Sunday, March 17, 2013

Light Tracing

The typical approach to global illumination rendering using ray tracing is to trace rays from the camera and gather radiance from the light sources. This approach is used to solve the light transport equation (a.k.a. the rendering equation). This is usually what the term "path tracing" refers to. Here's the formulation of the light transport equation that Veach uses in his thesis (see chapter 3, specifically page 90):

\[ L_{\text{o}}(\mathbf{x},\, \omega_{\text{o}}) \,=\, L_e(\mathbf{x},\, \omega_{\text{o}}) \ +\, \int_{\mathcal{S}^2} L_{\text{o}}(\mathbf{x}_\mathcal{M}(\mathbf{x},\, \omega_{\text{i}}),\, -\omega_{\text{i}}) \, f_s(\mathbf{x},\, \omega_{\text{i}} \rightarrow \omega_{\text{o}}) \, d \sigma_{\mathbf{x}}^{\perp} (\omega_{\text{i}}) \]

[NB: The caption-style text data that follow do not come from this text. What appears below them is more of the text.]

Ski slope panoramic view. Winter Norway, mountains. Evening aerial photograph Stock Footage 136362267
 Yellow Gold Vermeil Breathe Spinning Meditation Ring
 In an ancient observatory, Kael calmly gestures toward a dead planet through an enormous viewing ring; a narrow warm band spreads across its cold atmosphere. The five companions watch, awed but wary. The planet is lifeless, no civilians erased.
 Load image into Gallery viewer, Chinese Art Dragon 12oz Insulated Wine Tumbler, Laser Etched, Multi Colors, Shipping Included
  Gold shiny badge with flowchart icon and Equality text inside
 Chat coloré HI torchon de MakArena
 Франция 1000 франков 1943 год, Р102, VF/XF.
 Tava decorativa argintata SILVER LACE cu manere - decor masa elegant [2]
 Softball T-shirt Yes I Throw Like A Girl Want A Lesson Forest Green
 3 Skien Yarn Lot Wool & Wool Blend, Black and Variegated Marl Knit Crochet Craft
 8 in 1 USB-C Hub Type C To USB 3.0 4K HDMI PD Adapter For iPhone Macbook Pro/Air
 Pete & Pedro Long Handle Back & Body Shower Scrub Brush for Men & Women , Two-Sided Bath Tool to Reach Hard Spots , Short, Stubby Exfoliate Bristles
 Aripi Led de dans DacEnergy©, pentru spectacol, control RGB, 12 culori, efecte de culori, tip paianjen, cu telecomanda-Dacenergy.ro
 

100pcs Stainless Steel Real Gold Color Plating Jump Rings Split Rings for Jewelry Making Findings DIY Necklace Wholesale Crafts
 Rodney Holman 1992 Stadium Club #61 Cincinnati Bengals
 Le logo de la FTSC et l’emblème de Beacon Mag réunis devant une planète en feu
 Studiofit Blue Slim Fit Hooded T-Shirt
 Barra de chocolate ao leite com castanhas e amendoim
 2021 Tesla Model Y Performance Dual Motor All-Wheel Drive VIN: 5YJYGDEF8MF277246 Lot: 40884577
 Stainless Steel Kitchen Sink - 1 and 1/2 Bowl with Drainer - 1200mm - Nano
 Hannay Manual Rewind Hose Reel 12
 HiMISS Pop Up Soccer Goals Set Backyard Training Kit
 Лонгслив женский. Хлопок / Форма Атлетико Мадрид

It's also possible to trace rays from the light sources and gather importance from the camera. This approach is used to solve the importance transport equation. This approach is sometimes called "light tracing". Here's the formulation of the importance transport equation that Veach uses in his thesis (see chapter 3, specifically page 91):

\[ W_{\text{o}}(\mathbf{x},\, \omega_{\text{o}}) \,=\, W_e(\mathbf{x},\, \omega_{\text{o}}) \ +\, \int_{\mathcal{S}^2} W_{\text{o}}(\mathbf{x}_\mathcal{M}(\mathbf{x},\, \omega_{\text{i}}),\, -\omega_{\text{i}}) \, f_s(\mathbf{x},\, \omega_{\text{o}} \rightarrow \omega_{\text{i}}) \, d \sigma_{\mathbf{x}}^{\perp} (\omega_{\text{i}}) \]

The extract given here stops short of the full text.